We examined the prediction performance of KPCA+KRR, correlation coefficient and NMSE, for each of the 10 videos in the 10-fold cross validation procedure.
The results were reported below, with employing the feature extraction of the 95% variance retained. In the 10-fold cross validation results on individual videos, most of the correlation coefficients were above 0.80 with p-value<0.05 and the median value of the obtained NMSEs were above 0.35. The performance highlighted our KPCA+KRR reproduced well the dynamic natures of the target saliency features and the individual performance for each video thus suggested the applicability of our KPCA+KRR for the prediction/reproduction of the visual feature in videos based on EEG signals.

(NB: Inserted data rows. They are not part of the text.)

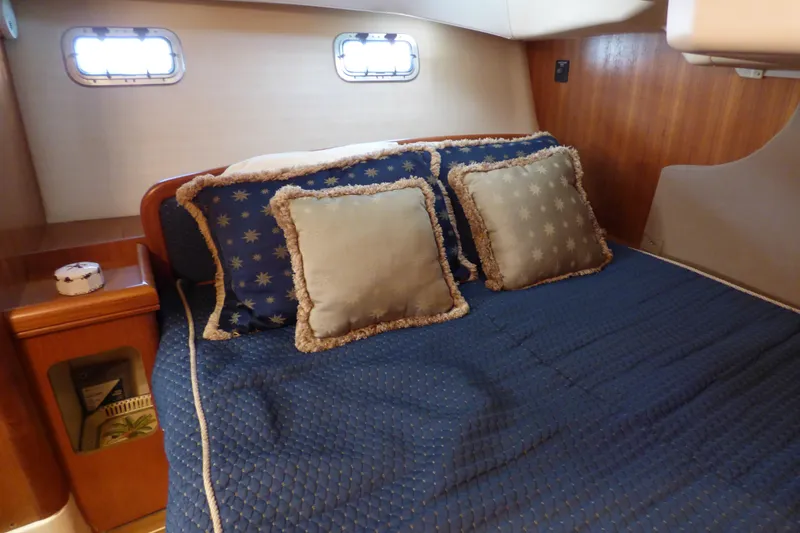 2006 Hunter 41 Deck Salon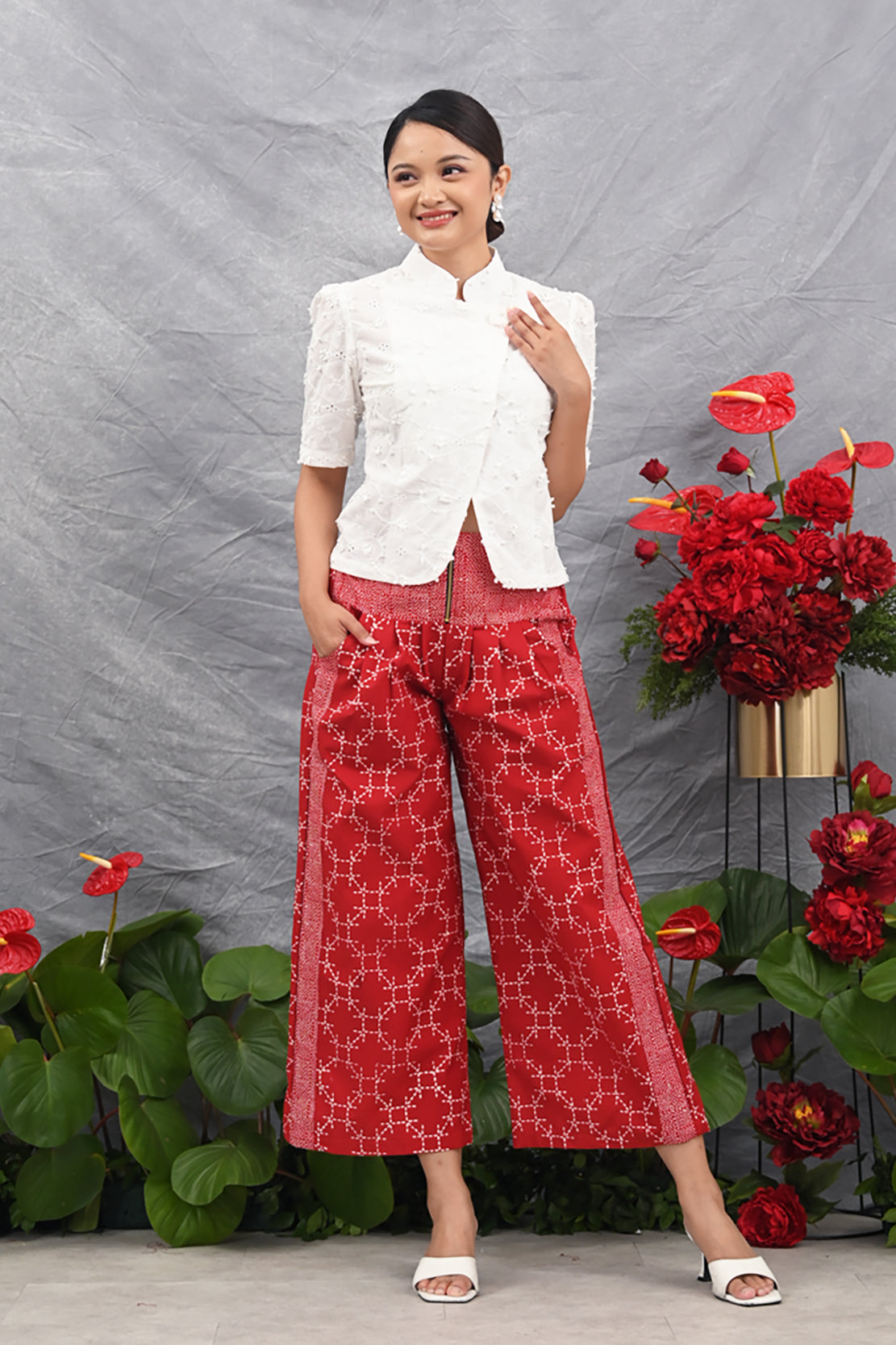 Cahaya Short Basic T4606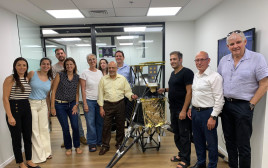 דויד, לאורה וג׳ונתן מיראז׳ והנהלת SpaceIL (צילום: באדיבות SpaceIL)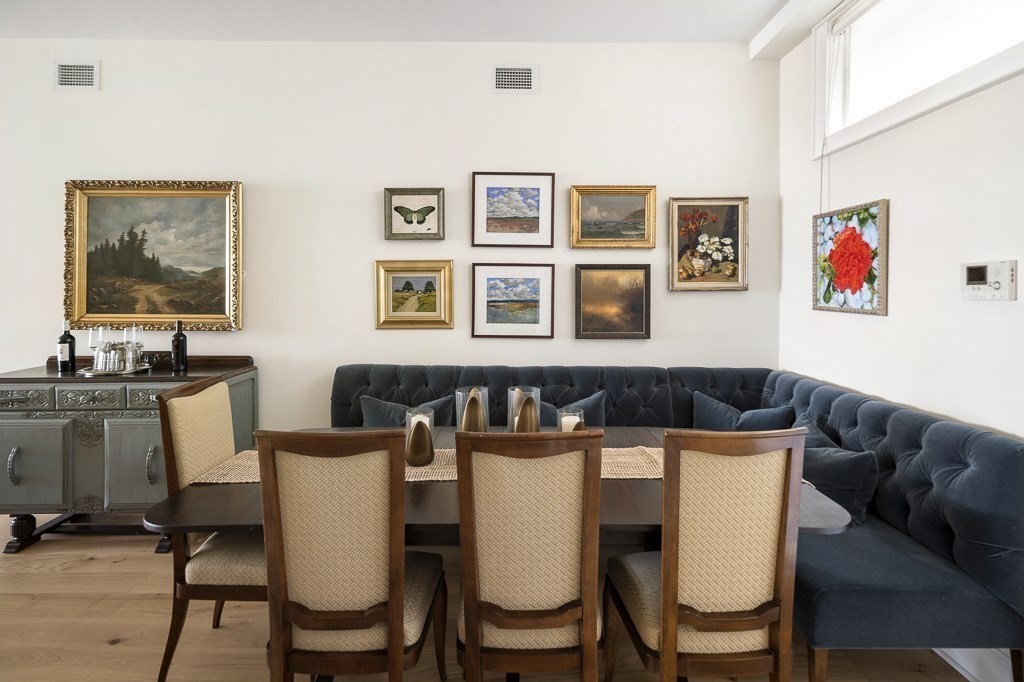 380 Bunker Hill St 111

The parameter tunings were conducted in the nested CV manner. More details about the procedure were presented below.
Two loops were involved in the nested CV: inner loop for tuning parameters and selecting the best parameter setting; outer loop for evaluating the model performance by using the parameters selected in the inner loop. Algorithm 1 illustrates the nested CV procedure.
The whole data were first randomly divided into ten folds, where nine folds for training and one fold for testing. Then, based on the nine folds training dataset, various hyperparameters were optimized according to the 9-fold CV so that the best hyperparameters were selected such to achieve the best validation performance. Subsequently, the selected hyperparameters were tested on the remaining test dataset. Through repeating this procedure by changing the test dataset, we cross-validated the total process of hyper-parameter determination, and obtained the unbiased estimation of the best performance.
We examined which EEG electrodes were frequently selected during the feature selection in the 10-fold cross-validation procedure. Below's figure showed a brain heatmap to represent the selection rate of the EEG electrodes; the highest selection rate was colored red while the lowest selection rate was green. The results showed, the brain location surrounding P3 and P1 and surrounding P4 and P6, were found to be important for the selective attention (visual saliency). This finding is in line with the existing knowledge. During visual processing, most coherences would happen among occipital and parietal electrodes [Colby and Goldberg, 1999; Smith et al., 2012], and the neural responses in those visual areas play a critical role underlying the attentional control [Kanwisher and Wojciulik, 2000; Imamoglu et al., 2012].
C.L. Colby and M.E. Goldberg, Space and attention in parietal cortex, Annual Review of Neuroscience, vol. 22, pp. 319-349, 1999.
M.L. Smith, F. Gosselin, and P.G. Schyns, Measuring internal representations from behavioral and brain data, Current Biology, vol. 22(3), pp. 191-196, 2012.
N. Kanwisher and E. Wojciulik, Visual attention: insights from brain imaging, Nature Reviews Neuroscience, vol. 1, pp. 91-100, 2000.
F. Imamoglu, T. Kahnt, C. Koch, and J.D. Haynes, Changes in functional connectivity support conscious object recognition, NeuroImage, vol. 63(4), pp. 1909-1917, 2012.